You are viewing a plain text version of this content. The canonical link for it is here.

Posted to dev@nutch.apache.org by Michael Chen <yi...@u.northwestern.edu> on 2017/07/31 19:21:39 UTC

Question on 2.x sitemap functionality

Dear fellow Nutch developers,

I've been trying to use Nutch 2 sitemap function to crawl and index all 
pages on the sitemap indices. It seems that integration with 
CommonCrawler sitemap tools only exist in 2.x branch. But after I got it 
to work with Hbase 1.2.3, it didn't fetch, parse and index the sitemap 
indices and sitemaps at all.

I also looked into the code a bit and everything seems to make sense, 
except I couldn't further trace the data flow beyond Toolrunner.run() in 
the FetchReducer.

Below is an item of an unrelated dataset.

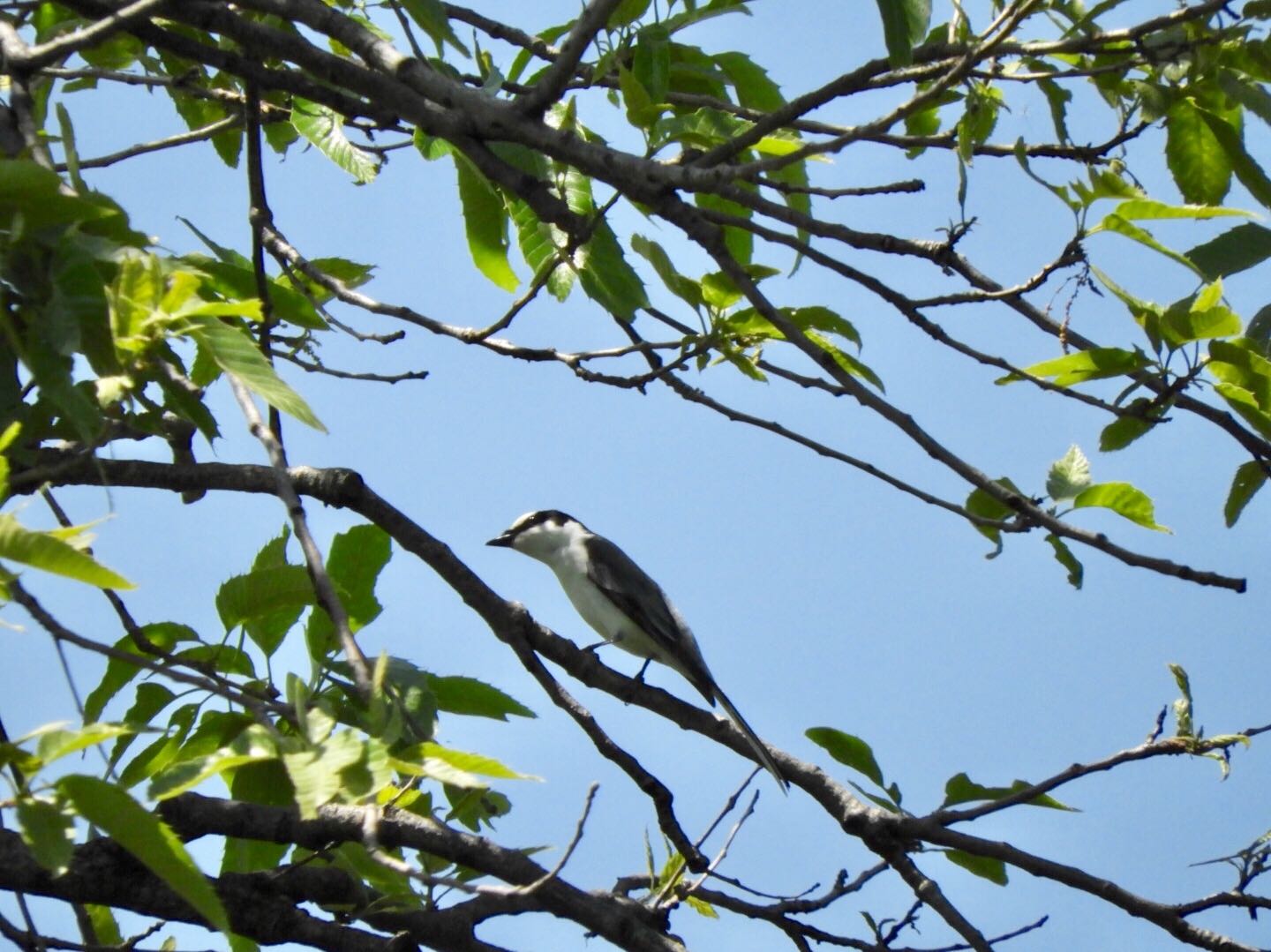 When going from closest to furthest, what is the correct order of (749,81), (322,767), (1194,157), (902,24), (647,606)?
(322,767) < (902,24) < (1194,157) < (749,81) < (647,606)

I'm testing it on Linux with the "crawl" script in 
/bin, so I'm not sure if how I can debug this. Please let me know if 
there's any further information that I can provide you with to help 
troubleshoot this issue. Thanks in advance!

Best regards,

Michael

Re: Question on 2.x sitemap functionality

Posted by kenneth mcfarland <ke...@gmail.com>.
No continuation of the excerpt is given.